If there were any boos, he couldn't hear them because I couldn't hear them.
What actually happened is that there was a fraction of a moment of stunned silence and then polite clapping because that is what the president asked us to do. The President held that audience of 15,000 partisans in the palm of his hand. We would do anything he asked yesterday.
I wrote Drudge late last night and their page was changed immediately. However, no further corrections have been made to the story. The AP should be exposed for the lying b-ds that they are! Everyone should lip a note to Drudge until a full retraction is posted. And a note to the AP isn't a bad idea eaither.
Booos to oooohs. My, lord -- how lame!
Tom Hays' boss:
Tom Curley, President, CEO
450 W. 33rd Street
New York, NY 10001
Phone: 212-621-7550
Fax: 212-621-6108
Email: tcurley@ap.org
BUMP!
Looks like Knight ridder needs some FReeping, too.
Your right. This is what Terri the McCall (not a typo)is going to tout on the Sunday morning shows. "The AP said they booed and blah blah blah". Terri wanna cracker?

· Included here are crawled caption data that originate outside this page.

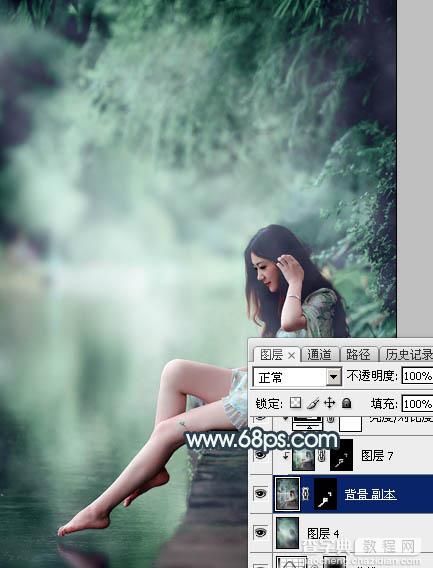 Photoshop将夏季美女图片打造唯美的古典青绿色37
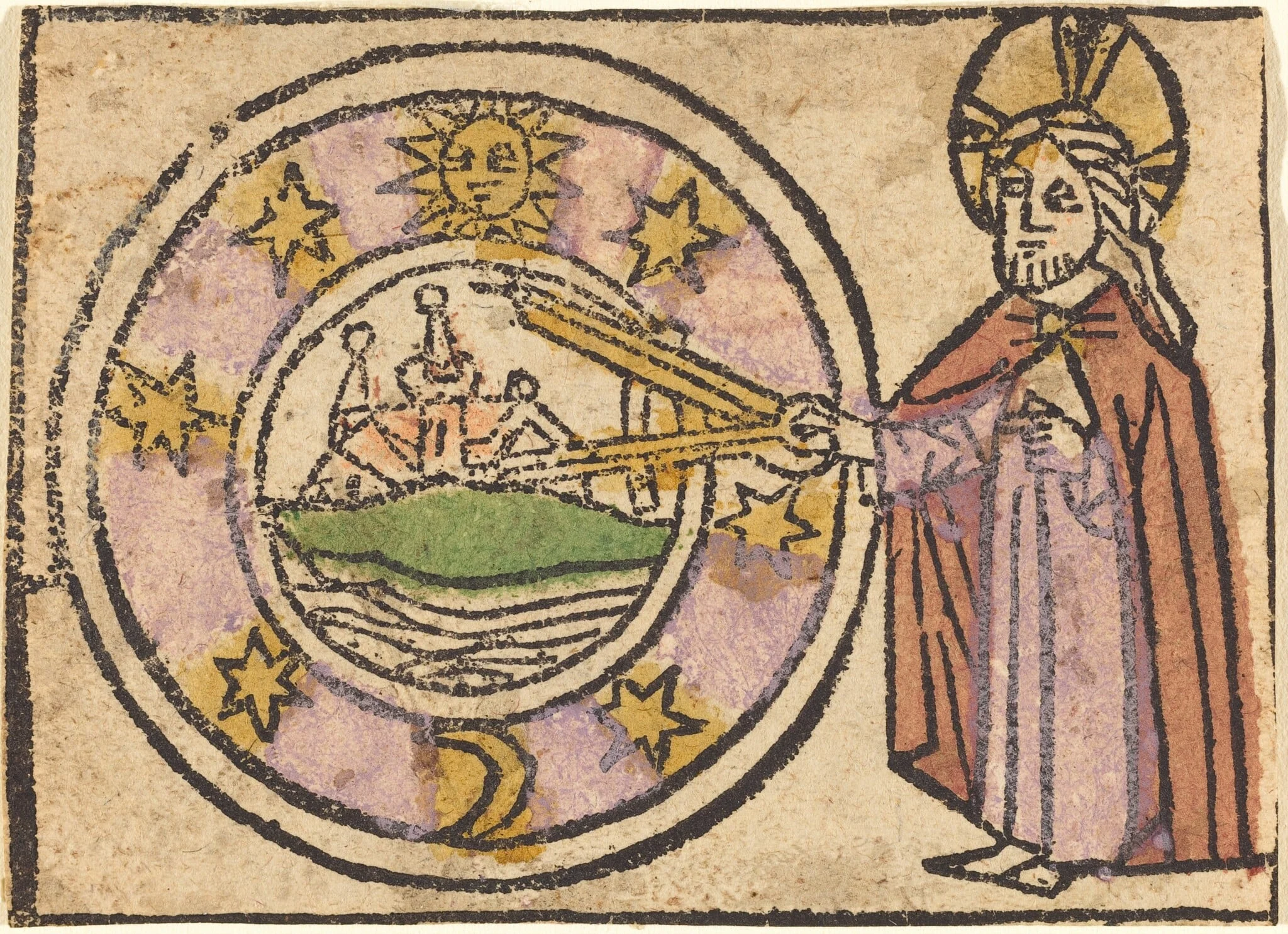 Christ Measuring the Globe, by German 15th Century, ink, 1465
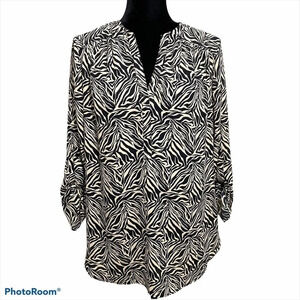 Tacera Women’s Animal Print Blouse Hi Low Large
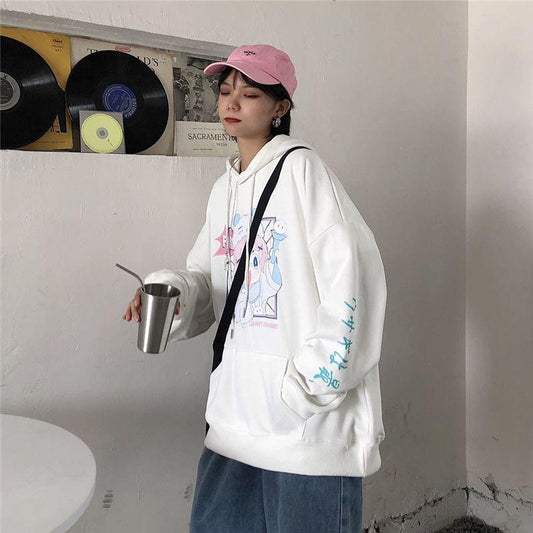 Japan Anime Sweatshirts Women White Hooded Tops Fashion Pullovers Hoodies Fall Winter Thick Fleece Harajuku Hoodies Ladies Casual Clothes Clothes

He can run, but he can't hide.
BYLINE: TOM HAYS; Associated Press Writer
BTTT
Ping. More MSM presstitution.
Not entirely the Internet.
Talk radio is involved, too.
I heard the speech live on the radio and heard the 'ahhh/ooo' when Bush announced Clinton's hospitalization. It was a typical mild shock reaction.
Later heard the news headline that it was "booing." Thought that was odd--not what I heard on the radio.
A couple of hours later, the local afternoon talk radio guy, Mark Belling (WISN1130) got extremely upset over the reporting and attempted to track down the name of the AP presstitute through the local AP office.
AP honcho for Milwaukee told Belling, in effect, to 'stuff it.' That was not the right thing to do.
Drudge was running the original story--and you can see that his story has changed to reflect the AP's retraction. By Monday, this may have some legs.
In any case, while the Internet is very VERY helpful--in this case it was also talk radio.
Does anyone know how to get this lie exposed on the fox show where all the reporters discuss the media? Can't remember the name at the moment -- it's on Saturdays and Sundays. You know -- the show with Jane Hall and Jim Pinkerton? And Eric somebody (host) and Neal somebody (the weasly little liberal)?
I've just phoned the hays reporter and left a message. The email link doesn't seem to work. Obeservations of another poster seem accurate -- the voice mail (for several reporters) sounds like one of these 'girly-men'.
the voice mail gives you teh option of paging them to.
Perhaps the chairs of the local Republican Parties need to get involved?